One number is the whole answer: the tally of lines in the records below that contain "area".
====
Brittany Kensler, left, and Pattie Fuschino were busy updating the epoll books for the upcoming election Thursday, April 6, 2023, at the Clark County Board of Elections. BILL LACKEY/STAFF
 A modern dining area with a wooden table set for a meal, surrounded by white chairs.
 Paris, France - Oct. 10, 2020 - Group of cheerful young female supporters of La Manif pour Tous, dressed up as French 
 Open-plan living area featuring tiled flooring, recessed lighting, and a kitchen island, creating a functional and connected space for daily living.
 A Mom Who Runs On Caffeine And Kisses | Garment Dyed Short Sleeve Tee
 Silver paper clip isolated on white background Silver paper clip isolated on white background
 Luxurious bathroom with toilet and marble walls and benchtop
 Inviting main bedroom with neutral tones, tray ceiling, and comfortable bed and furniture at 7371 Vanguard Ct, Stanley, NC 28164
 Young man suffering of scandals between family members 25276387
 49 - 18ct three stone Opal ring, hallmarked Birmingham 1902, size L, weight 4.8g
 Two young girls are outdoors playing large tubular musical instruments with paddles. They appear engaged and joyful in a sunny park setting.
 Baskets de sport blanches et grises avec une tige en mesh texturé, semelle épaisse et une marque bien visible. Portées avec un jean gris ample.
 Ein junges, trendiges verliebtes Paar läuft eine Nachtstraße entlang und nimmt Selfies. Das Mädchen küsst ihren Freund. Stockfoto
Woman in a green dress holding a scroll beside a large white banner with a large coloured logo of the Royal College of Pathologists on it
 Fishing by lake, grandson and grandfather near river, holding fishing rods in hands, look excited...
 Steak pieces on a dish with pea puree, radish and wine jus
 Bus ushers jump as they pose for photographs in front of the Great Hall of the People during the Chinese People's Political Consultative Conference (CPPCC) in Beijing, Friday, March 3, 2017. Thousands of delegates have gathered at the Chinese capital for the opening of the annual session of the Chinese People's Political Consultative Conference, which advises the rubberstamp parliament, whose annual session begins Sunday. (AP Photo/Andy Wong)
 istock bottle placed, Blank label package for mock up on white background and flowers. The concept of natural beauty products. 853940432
====
Response to this task:
2